Sure, I've been listed (as most of us have) on the counsel line in a variety of published appellate opinions. And my academic pieces are occasionally cited by courts, so my name appears there as well. But I've never been singled out by name in the text of a published opinion. So, as of today, my former student Todd Kinnear -- an attorney at Luce Forward -- has me beat on that one.
It's actually an interesting case, and mentions by name a number of other notable San Diego legal figures in the text of the opinion as well. Basically it's an opinion about challenges to arbitrators. Justice McConnell holds -- sensibly, I think -- that even though an arbitrator can be dismissed as a matter of right based upon a variety of compelled legal disclosures (significant business ties, attorney-client or familial relationship, etc.), there's no similar absolute right to dismiss an arbitrator based upon voluntary disclosures made by the arbitrator about his or her connections to various parties or counsel beyond those required by law.
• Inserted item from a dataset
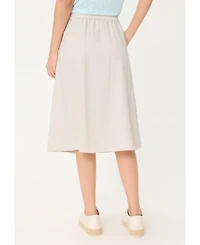 Olsen Women's Twill A-Line Skirt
And this matters, since the common practice among informed arbitrators is to make as full and complete a disclosure as possible, even if it involves totally minor things that don't especially matter. To grant a party an absolute right to dismiss the arbitrator based upon those things seems wrong, and it instead seems better to strike the balance in favor of a discretionary recusal (pursuant to the judgment of the arbitrator or some other neutral) for those more minor nonmandatory disclosures.
So, here, it's an attorney fee arbitration before former Judge Haden, who works with JAMS. Not surprisingly, Judge Haden knows a wide variety of people at Luce Forward, who's suing the defendants for unpaid legal fees. So he makes a variety of disclosures, and, later on, when additional attorneys at Luce appear on various briefs, he makes additional disclosures as well, including that he was on the Board of the ABTL with a couple of them. This, as you might imagine, is fairly common in the relatively close-knit legal community in San Diego, at least amongst higher profile judges and attorneys. Defendant then moves to dismiss Judge Haden, he declines to let them do so, and then, after Judge Haden finds for Luce Forward in the arbitration, the defendant appeals on the ground that Judge Haden had an obligation to step aside.
To which the Court of Appeal demurs, saying that "Judge Haden's candor was commendable" -- always gotta love being complimented by the Court of Appeal, eh?! -- and that "arbitrators should, of course, be encouraged to err on the side of disclosure," but holding that the voluntary disclosures by Judge Haden did not give rise to an absolute right to dismiss him (e.g., would not create an impression of bias to a reasonable person). Which, as a policy matter, I think does encourage extensive voluntary disclosures by arbitrators, and I agree with Judge McConnell wholeheartedly that that's a good thing, and something that the law should advance.
My former student was mentioned multiple times in the opinion since his name was on the briefs and Judge Haden thought that he -- not those lawyers at Luce Forward with whom Judge Haden had a more extensive relationship -- was going to be the lead counsel at the arbitration. Which, I might add, would assuredly have been an equally smashing success for Luce Forward had Todd in fact been lead counsel, since he was a great student and is, I am confident, an utterly outstanding attorney. So that's the nature of Todd's brush with fame -- and, more importantly, his entrenchment in the California Appellate Report and California Reporter for all eternity.
So great job Luce Forward, great job Justice McConnell, great job Judge Haden, and great job Todd.
FULL DISCLOSURE: Especially since the underlying case is all about full and frank disclosure, I too should voluntarily reveal that I'm connected with just about every one of the participants here as well. As I said, Todd Kinnear is a former student, and I (obviously) know a variety of former students and others at Luce Forward as well. Plus, continuing on the student side, Judge Haden's son, Andrew, is a former student of mine (and, parenthetically, like Todd, is also exceptionally talented) as well. Lastly, I also know Judge Haden, who presided over a case on which I worked several years ago and who is, ironically enough, the arbitrator on an upcoming case I'm working on as well. None of which matters in the slightest, but I thought I'd mention them. Oh, one more thing. Todd's even balder than I am.